The Carleton and York Regiment 

 Originated on 10 September 1869, in Woodstock, New Brunswick, as The Carleton Light Infantry.
 Redesignated on 5 November 1869, as the 67th The Carleton Light Infantry.
 Redesignated on 8 May 1900, as the 67th Regiment Carleton Light Infantry.
 Redesignated on 15 March 1920, as The Carleton Light Infantry.
 Amalgamated on 15 December 1936, with The York Regiment and redesignated as The Carleton and York Regiment.
 Redesignated on 7 November 1940, as the 2nd (Reserve) Battalion, The Carleton and York Regiment.
 Redesignated on 1 November 1945, as The Carleton and York Regiment.
 Amalgamated on 31 October 1954, with The New Brunswick Scottish and redesignated as the 1st Battalion, The New Brunswick Regiment (Carleton and York).
 Redesignated on 18 May 1956, as The Royal New Brunswick Regiment.

The York Regiment 

 Originated on 10 September 1869, in Fredericton, New Brunswick, as The York Provisional Volunteer Battalion.
 Redesignated on 12 November 1869, as the 71st York Volunteer Battalion.
 Redesignated on 8 May 1900, as the 71st York Regiment.
 Redesignated on 15 March 1920, as The York Regiment.
 Amalgamated on 15 December 1936, with The Carleton Light Infantry.

Perpetuations 

 12th Battalion, CEF
 104th Battalion, CEF
 140th Battalion (St. John's Tigers), CEF

History

Formation 
As a result of the 1936 Canadian Militia reorganization, The Carleton and York Regiment was formed in St. Stephen by the amalgamation of The Carleton Light Infantry and The York Regiment.

Second World War

Europe 
On 1 September 1939, The Carleton and York Regiment mobilized The Carleton and York Regiment, CASF for active service. The battalion was later on 7 November 1940, redesignated as the 1st Battalion, The Carleton and York Regiment, CASF and on 9 December 1939, the battalion Embarked for Great Britain as part of the 1st Canadian Infantry Brigade, 1st Canadian Infantry Division.

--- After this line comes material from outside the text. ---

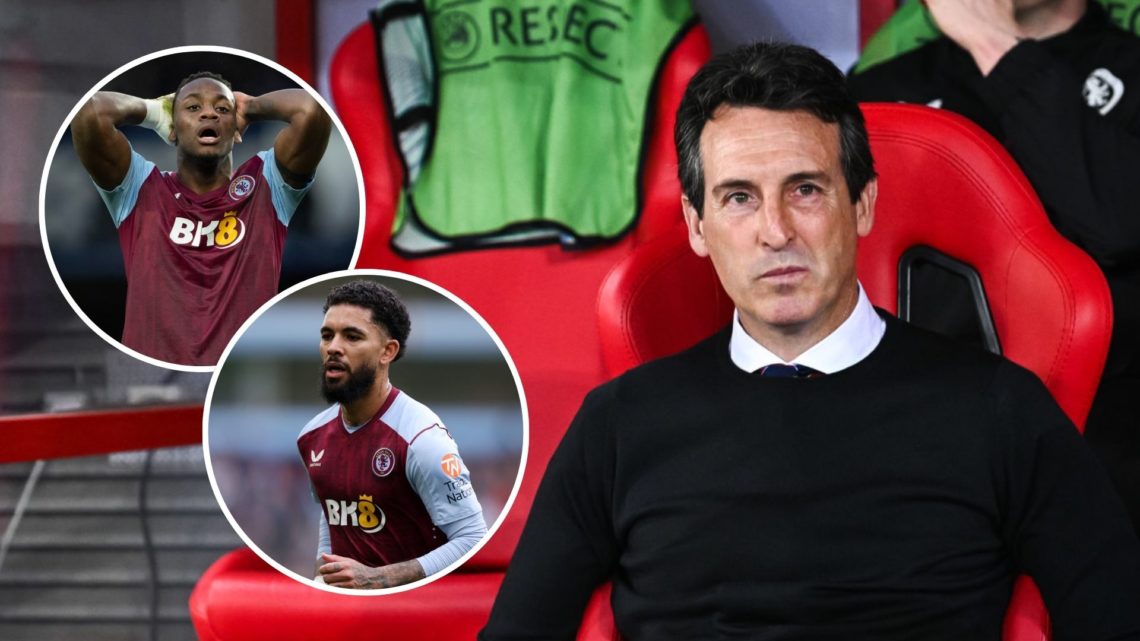 Unai Emery of Aston Villa is watching from the sidelines. Inset, Douglas Luiz and Jhon Duran of Aston Villa.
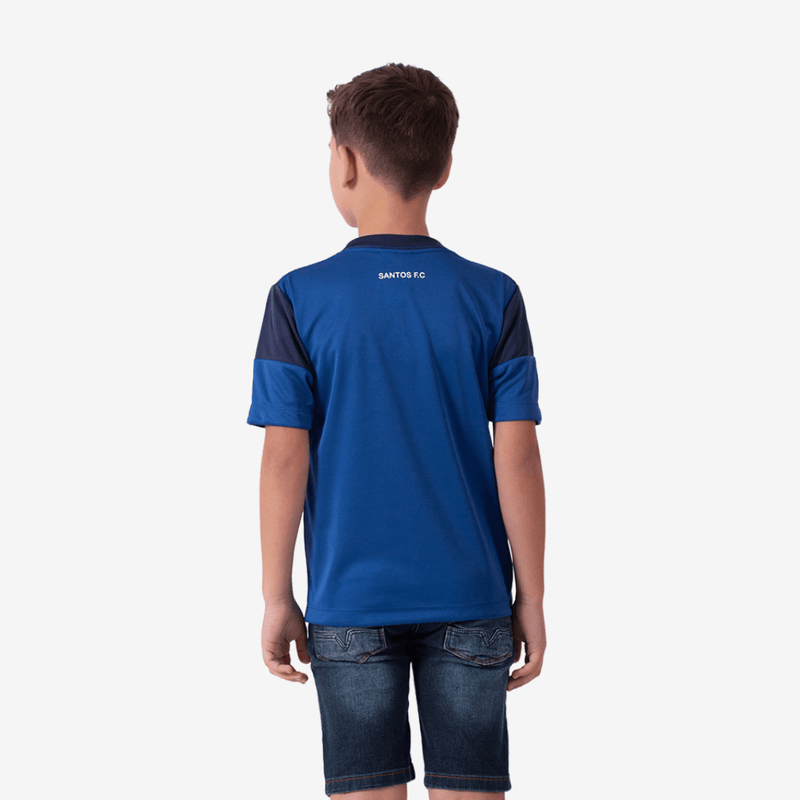 Camisa Casual Santos Maré Azul Infantil - Masculina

After serving in the UK on anti-invasion duties, on 10 July 1943, the battalion landed in Sicily as part of Operation Husky where it fought for 38 days. The battalion would then on 3 September 1943, take part in the invasion of Italy and would serve with the rest of the I Canadian Corps in the Italian Campaign.

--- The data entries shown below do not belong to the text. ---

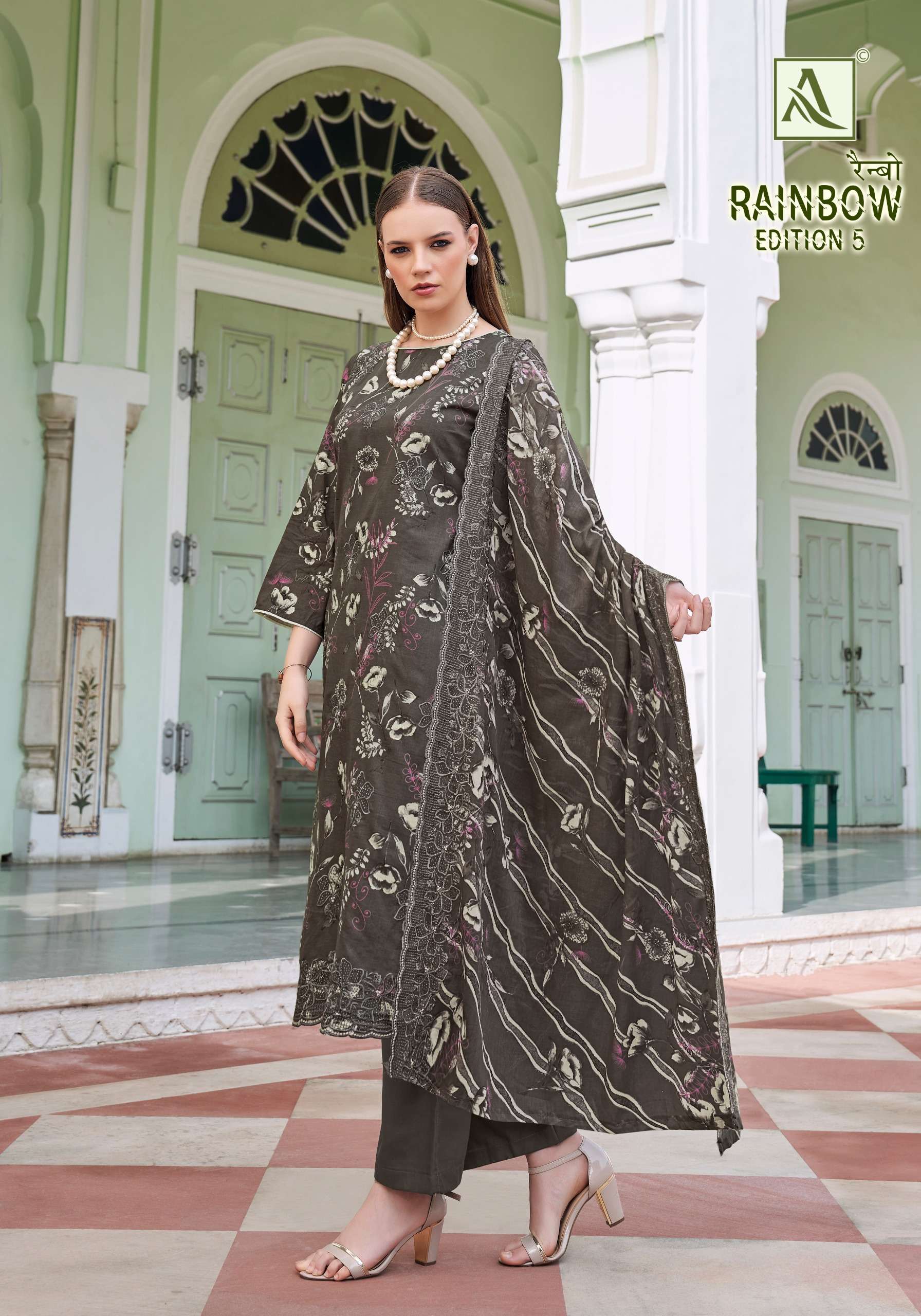 ALOK SUITS RAINBOW VOL 5 CAMBRIC COTTON PRINT WITH FANCY EMBROIDERY WORK SUIT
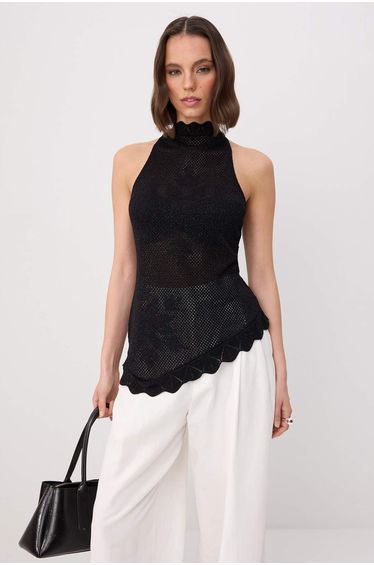 Black Openwork Halter Neck Knitwear Slim Knitwear Blouse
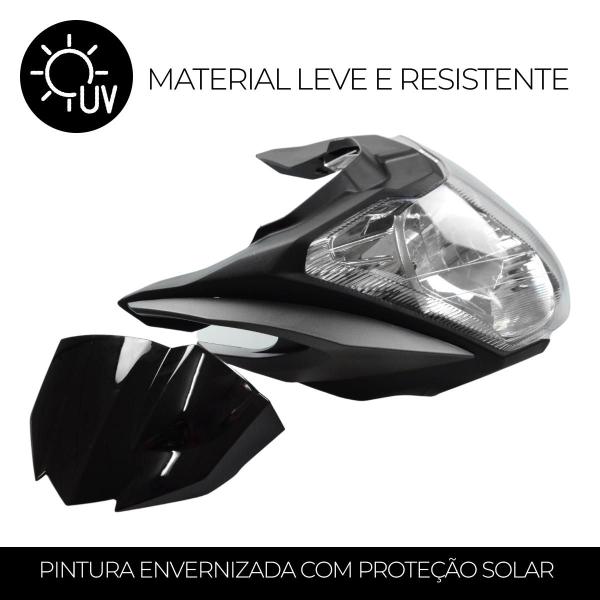 Imagem de Farol Completo Com Carenagem Fazer 150 ED 2016 A 2017 Preto Estrutura Resistente E Proteção Contra Os Raios Solares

On 16 March 1945, the battalion along with the rest of the I Canadian Corps moved to North-West Europe as part of Operation Goldflake, and where upon arrival, the battalion fought until the end of the war.

On 30 September 1945, the overseas battalion of The Carleton and York Regiment was disbanded.

Pacific 
On 1 June 1945, a second CASF component of the regiment was mobilized for service in the Pacific theatre of operations with the re-raised 6th Canadian Infantry Division (Canadian Army Pacific Force) for service as part of the proposed Commonwealth Corps for the planned Invasion of Japan. This unit was designated as the 2nd Canadian Infantry Battalion, (The Carleton and York Regiment), CASF. On 1 November 1945, the battalion was disbanded.

Post War 
On 4 May 1951, The Carleton and York Regiment mobilized two temporary Active Force / Regular Force companies designated "E" and "F" Companies respectively.

"E" Company was reduced to nil strength upon its personnel being incorporated into the 1st Canadian Infantry Battalion (later the 3rd Battalion, The Canadian Guards) for service in Germany with the North Atlantic Treaty Organization as part of the 27th Canadian Infantry Brigade. On 29 July 1953, the company was disbanded.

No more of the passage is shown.